Blankenship's impact on election unclear, expert says

By Chris Dickerson | Oct 27, 2006



CHARLESTON – A top state political scientist says he has no idea what impact Don Blankenship's efforts will have on the House of Delegates races in next week's General Election.

Still, Dr. Robert Rupp from West Virginia Wesleyan University says Blankenship's efforts with his And For The Sake Of The Kids political action committee are unique.

"It certainly is novel," Rupp said of Blankenship's tactics. "It hasn't happened before, here or anywhere. It has potential to have a strong impact. He's focusing money on delegate races that usually are local and don't have that much money involved and typically aren't that sophisticated."

Blankenship, the Massey Energy CEO who in 2004 worked to unseat former state Supreme Court Justice Warren McGraw in 2004, has promised to do whatever it takes to oust incumbent Demoratic delegates in about two dozen districts across the state.

From July to September, Blankenship spent nearly $300,000 on those races, accounting for nearly half of the $620,000 raised by the candidates during those three months, according to the Charleston Daily Mail. The political group also has spent money on signs, billboards and ads on issues, promoting those candidates and spotlighting the voting records of the targeted incumbents.

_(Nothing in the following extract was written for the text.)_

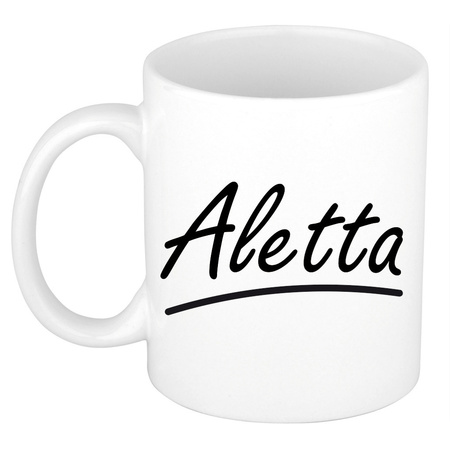 Name mug Aletta with elegant letters 300 ml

"He's bringing in money, funds and survey techniques, plus he's building up an infrastructure and a database of voters," Rupp said. "He's using party tools that typically are used on a state level or a national level.

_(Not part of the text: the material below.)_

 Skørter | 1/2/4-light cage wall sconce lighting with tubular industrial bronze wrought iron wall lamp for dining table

"They're going straight to the voter. It's outside the party."

While he doesn't know what impact Blankenship's efforts will have on the makeup of the Legislature, Rupp thinks Blankenship might be onto something.

"Whatever it is, I think it could be a longer trend," he said. "With a decline of party as a mechanism and institution, you have to have other things to take its place. And that's what this is doing, to some extent. Twenty years ago, we wouldn't have seen it."

Something like this hasn't happened before in other states. Rupp said that might be because West Virginia has what you could call "The Perfect Storm."

"The Republican Party isn't that strong, and Don Blankenship is very determined," he said. "It's all coming down to mobilization. He has this database of sympathetic voters. He's going to try to get those people out to help his favorite candidates. He's pouring millions into these delegate races that haven't seen that kind of money before.

"Will it have results? That's the question. Regardless, his actions are novel and innovative."